Проходя мимо банка, я заглянул туда поздороваться с управляющим, церковным старостой при дяде, а когда выходил, встретил дядиного помощника, здешнего второго священника, который пожал мне руку. Он прогуливался с каким-то незнакомцем. Тот был невысок, носил бороду, светло-коричневый спортивный костюм с очень узкими поверху брюками-гольф, высокие синие носки, черные ботинки и котелок. Такие брюки были тогда внове, особенно в Блэкстебле, и я по молодости и неопытности немедленно зачислил встречного в невежи. Но пока я говорил со священником, он дружелюбно на меня поглядывал, улыбаясь светло-голубыми глазами. Чуть поддашься — и он вмешается в разговор, так что я держал себя безучастно и неприступно, не собираясь вступать в беседу с человеком, носившим, как егерь, узкие штаны, пусть он и строит добрую мину. Сам я был безупречно одет в белые брюки из мягкой шерсти, в куртку с гербом школы на нагрудном кармане и в широкополую соломенную шляпу в полоску. Священник сказал, что ему пора (мне повезло, ибо я не знал, как прервать эту уличную встречу, и в смятении отыскивал предлог удалиться) и просит меня передать дяде, что зайдет днем. Незнакомец поклонился и улыбнулся на прощанье, но я сделал каменное лицо. Я решил, что он приехал на лето, а мы в Блэкстебле с такими не якшались, считая лондонцев пошляками. Это ж надо, всякий год наезжает из столицы полно всякого сброда… Лавочников это, конечно, радовало, однако и те к концу сентября издавали истомленный вздох облегчения, и Блэкстебл опять погружался в привычный покой.
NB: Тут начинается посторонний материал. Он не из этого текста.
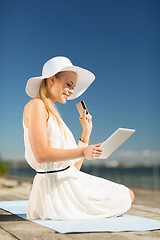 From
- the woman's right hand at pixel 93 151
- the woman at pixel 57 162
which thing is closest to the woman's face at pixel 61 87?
the woman at pixel 57 162

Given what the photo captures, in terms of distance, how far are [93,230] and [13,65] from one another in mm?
11349

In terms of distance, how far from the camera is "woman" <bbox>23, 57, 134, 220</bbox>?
2244 mm

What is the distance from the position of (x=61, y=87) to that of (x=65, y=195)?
754 mm

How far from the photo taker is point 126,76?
20.2m

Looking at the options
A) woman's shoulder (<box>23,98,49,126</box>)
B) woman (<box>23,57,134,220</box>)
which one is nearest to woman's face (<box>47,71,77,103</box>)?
woman (<box>23,57,134,220</box>)

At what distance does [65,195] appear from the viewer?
2365mm

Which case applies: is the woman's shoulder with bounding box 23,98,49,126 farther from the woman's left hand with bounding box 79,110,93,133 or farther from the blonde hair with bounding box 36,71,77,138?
the woman's left hand with bounding box 79,110,93,133

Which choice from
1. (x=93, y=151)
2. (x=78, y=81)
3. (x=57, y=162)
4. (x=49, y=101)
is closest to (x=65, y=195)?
(x=57, y=162)

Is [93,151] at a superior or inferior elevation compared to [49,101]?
inferior

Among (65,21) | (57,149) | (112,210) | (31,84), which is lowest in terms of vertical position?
(112,210)

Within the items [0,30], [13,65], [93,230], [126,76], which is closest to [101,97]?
[126,76]

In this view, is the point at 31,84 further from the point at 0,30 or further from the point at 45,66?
the point at 0,30

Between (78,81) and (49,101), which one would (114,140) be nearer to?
(49,101)

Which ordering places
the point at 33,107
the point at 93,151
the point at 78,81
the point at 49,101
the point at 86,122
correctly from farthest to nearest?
the point at 78,81
the point at 86,122
the point at 49,101
the point at 33,107
the point at 93,151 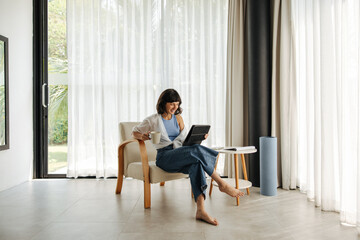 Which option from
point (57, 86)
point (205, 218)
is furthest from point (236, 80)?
point (57, 86)

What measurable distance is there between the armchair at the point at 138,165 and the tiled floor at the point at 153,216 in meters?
0.22

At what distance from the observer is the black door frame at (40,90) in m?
4.39

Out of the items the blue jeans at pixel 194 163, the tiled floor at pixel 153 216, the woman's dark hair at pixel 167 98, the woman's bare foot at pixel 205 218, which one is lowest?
the tiled floor at pixel 153 216

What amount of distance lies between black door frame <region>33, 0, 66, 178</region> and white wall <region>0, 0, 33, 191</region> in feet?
0.24

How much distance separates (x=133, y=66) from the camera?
430 centimetres

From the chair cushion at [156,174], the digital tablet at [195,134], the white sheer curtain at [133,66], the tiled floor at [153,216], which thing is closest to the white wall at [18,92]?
the tiled floor at [153,216]

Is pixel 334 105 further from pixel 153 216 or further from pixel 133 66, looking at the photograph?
pixel 133 66

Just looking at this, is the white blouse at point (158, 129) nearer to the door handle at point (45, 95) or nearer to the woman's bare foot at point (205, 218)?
the woman's bare foot at point (205, 218)

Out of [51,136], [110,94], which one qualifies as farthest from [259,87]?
[51,136]

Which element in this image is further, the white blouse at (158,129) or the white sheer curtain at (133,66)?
the white sheer curtain at (133,66)

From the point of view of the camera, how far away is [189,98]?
4.32 m

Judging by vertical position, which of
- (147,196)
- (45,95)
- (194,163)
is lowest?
(147,196)

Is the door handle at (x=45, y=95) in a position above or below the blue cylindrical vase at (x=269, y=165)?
above

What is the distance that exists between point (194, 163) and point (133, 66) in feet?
6.76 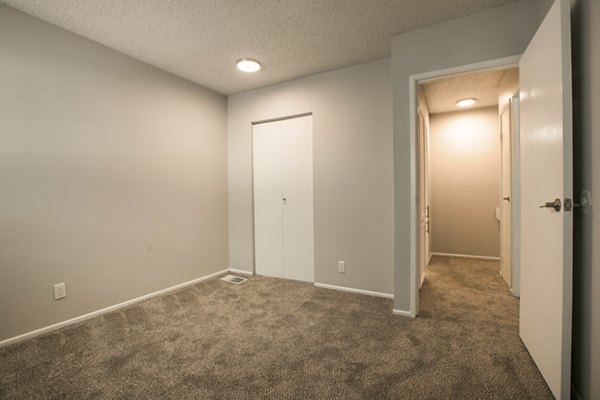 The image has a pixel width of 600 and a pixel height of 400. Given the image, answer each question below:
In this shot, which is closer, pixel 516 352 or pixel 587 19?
pixel 587 19

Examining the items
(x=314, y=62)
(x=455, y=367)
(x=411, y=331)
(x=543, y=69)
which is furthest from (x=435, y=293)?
(x=314, y=62)

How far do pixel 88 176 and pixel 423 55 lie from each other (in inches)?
121

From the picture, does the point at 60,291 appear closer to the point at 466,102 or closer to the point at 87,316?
the point at 87,316

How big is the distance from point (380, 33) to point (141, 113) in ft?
7.97

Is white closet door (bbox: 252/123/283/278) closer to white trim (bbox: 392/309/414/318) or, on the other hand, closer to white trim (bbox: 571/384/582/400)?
white trim (bbox: 392/309/414/318)

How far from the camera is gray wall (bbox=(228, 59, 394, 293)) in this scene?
2.91 meters

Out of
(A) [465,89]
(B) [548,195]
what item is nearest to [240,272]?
(B) [548,195]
Когда я пришел домой обедать, волосы у меня, не совсем просохшие, топорщились во все стороны; я рассказал, что видел помощника викария и что он сегодня придет.
— Старуха Шеперд умерла прошлой ночью, — пояснил дядя.
Второго священника звали Галовей. Худой, высокий, неказистый, с кудлатыми черными волосами и узким нездорово-серым лицом, он, наверное, был совсем молод, но мне казался в летах. Говорил он глотая слова, без конца жестикулируя, поэтому считался странным и дядя не стал бы его держать, не будь сам редкостно ленив и оттого рад переложить на кого-то свои обязанности. Когда дело, которое привело его в контору викария, было закончено, мистер Галовей зашел поздороваться с тетей и был приглашен остаться к чаю.